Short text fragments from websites
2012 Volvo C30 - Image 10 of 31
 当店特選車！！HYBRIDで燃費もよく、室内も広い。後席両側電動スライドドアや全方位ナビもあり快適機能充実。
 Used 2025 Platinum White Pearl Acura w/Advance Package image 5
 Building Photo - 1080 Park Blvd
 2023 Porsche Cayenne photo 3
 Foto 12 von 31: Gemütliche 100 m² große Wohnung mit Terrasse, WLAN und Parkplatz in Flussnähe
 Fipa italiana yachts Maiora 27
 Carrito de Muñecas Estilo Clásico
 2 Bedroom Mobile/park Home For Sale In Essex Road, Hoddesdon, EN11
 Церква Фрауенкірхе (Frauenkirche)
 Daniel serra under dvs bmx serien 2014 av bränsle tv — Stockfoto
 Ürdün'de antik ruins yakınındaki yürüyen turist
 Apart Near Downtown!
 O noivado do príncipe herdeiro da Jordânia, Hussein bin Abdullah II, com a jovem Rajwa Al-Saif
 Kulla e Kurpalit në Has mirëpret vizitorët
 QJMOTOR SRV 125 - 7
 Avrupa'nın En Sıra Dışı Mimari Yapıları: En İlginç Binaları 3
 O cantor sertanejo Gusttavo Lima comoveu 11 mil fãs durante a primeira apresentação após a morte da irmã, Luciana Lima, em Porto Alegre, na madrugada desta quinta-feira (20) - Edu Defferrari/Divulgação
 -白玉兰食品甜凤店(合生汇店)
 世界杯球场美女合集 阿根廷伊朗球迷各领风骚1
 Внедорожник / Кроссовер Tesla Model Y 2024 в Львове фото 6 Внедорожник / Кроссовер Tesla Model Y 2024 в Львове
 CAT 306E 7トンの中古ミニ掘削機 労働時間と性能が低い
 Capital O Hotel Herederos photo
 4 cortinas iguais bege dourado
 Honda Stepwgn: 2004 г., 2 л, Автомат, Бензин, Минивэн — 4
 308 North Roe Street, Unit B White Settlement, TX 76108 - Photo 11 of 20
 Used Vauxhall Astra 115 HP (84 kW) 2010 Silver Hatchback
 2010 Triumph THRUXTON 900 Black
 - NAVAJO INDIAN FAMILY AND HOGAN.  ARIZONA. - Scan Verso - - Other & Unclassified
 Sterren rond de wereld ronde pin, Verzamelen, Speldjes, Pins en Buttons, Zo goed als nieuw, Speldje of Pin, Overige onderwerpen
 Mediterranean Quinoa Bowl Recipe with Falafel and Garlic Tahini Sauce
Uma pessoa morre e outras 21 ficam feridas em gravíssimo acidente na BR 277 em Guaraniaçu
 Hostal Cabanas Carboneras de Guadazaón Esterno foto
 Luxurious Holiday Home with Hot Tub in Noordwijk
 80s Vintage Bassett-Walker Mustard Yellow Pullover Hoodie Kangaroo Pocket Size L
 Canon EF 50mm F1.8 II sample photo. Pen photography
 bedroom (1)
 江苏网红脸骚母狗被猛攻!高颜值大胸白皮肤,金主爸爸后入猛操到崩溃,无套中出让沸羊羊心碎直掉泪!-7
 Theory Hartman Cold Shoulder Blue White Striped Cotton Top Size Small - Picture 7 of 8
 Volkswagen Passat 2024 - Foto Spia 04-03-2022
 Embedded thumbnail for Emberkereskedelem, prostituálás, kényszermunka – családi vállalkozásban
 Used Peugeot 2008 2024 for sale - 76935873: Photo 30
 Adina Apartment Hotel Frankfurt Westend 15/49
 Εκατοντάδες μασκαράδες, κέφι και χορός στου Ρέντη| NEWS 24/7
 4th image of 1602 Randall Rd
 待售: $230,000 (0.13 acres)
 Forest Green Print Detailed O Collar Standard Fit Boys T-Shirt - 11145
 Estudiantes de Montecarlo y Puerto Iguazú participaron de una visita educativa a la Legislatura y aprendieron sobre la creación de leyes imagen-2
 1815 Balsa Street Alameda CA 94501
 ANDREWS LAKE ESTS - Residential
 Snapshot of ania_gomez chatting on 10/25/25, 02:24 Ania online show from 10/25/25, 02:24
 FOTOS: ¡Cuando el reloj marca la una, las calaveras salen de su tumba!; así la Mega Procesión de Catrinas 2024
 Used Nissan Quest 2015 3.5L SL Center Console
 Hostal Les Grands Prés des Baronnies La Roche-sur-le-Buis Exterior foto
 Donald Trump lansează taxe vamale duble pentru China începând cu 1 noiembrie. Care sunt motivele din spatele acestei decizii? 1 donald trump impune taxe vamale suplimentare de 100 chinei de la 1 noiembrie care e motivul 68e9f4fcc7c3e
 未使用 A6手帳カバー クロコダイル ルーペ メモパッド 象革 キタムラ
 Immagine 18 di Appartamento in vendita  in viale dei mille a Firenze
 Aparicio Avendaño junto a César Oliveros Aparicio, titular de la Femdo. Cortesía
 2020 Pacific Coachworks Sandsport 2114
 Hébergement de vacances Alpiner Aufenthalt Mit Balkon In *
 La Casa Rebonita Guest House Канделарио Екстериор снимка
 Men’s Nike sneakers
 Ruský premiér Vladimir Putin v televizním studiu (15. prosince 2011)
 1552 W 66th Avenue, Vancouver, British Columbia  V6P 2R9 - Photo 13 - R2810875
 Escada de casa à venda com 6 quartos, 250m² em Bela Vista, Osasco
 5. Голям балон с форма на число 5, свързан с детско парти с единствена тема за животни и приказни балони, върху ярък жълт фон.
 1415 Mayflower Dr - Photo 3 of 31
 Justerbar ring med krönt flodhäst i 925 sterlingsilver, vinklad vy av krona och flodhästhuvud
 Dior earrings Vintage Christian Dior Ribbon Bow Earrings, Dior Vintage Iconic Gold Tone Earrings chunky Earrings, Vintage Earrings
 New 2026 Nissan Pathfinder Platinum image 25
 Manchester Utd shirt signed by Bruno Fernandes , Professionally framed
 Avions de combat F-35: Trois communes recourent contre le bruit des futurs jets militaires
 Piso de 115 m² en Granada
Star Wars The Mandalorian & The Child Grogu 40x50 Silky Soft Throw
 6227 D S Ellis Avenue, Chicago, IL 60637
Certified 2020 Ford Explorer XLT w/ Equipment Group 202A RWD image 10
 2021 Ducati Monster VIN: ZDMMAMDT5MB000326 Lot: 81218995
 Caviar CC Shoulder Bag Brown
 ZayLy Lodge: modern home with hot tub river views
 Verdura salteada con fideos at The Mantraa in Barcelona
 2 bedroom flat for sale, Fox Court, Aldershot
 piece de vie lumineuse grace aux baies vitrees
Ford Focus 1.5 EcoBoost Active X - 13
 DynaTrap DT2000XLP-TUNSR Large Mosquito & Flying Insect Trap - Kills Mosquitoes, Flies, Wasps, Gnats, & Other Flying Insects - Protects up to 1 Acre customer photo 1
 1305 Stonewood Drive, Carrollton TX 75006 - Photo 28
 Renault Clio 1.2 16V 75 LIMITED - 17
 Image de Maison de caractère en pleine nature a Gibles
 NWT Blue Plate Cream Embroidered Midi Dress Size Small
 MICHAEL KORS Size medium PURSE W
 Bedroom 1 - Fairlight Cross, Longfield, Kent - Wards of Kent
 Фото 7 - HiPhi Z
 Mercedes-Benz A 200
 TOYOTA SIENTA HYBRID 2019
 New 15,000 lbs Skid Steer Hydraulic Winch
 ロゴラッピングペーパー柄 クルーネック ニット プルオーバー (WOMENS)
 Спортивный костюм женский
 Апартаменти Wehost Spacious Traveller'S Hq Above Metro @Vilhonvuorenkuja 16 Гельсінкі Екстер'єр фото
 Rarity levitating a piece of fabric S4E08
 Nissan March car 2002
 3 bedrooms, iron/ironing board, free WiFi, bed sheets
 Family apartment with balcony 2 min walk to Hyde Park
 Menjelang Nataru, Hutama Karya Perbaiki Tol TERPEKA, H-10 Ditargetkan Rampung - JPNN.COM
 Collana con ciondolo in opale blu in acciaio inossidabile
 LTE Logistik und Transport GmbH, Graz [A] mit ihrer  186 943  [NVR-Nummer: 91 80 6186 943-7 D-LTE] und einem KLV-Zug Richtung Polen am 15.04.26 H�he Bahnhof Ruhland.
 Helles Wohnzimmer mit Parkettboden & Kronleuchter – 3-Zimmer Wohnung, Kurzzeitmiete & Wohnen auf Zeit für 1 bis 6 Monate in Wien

_Exercise_
Set down the lines of the records exactly, from the first one through the line containing "2023 Porsche Cayenne photo 3", and add nothing else.

_Result of this task_
2012 Volvo C30 - Image 10 of 31
 当店特選車！！HYBRIDで燃費もよく、室内も広い。後席両側電動スライドドアや全方位ナビもあり快適機能充実。
 Used 2025 Platinum White Pearl Acura w/Advance Package image 5
 Building Photo - 1080 Park Blvd
 2023 Porsche Cayenne photo 3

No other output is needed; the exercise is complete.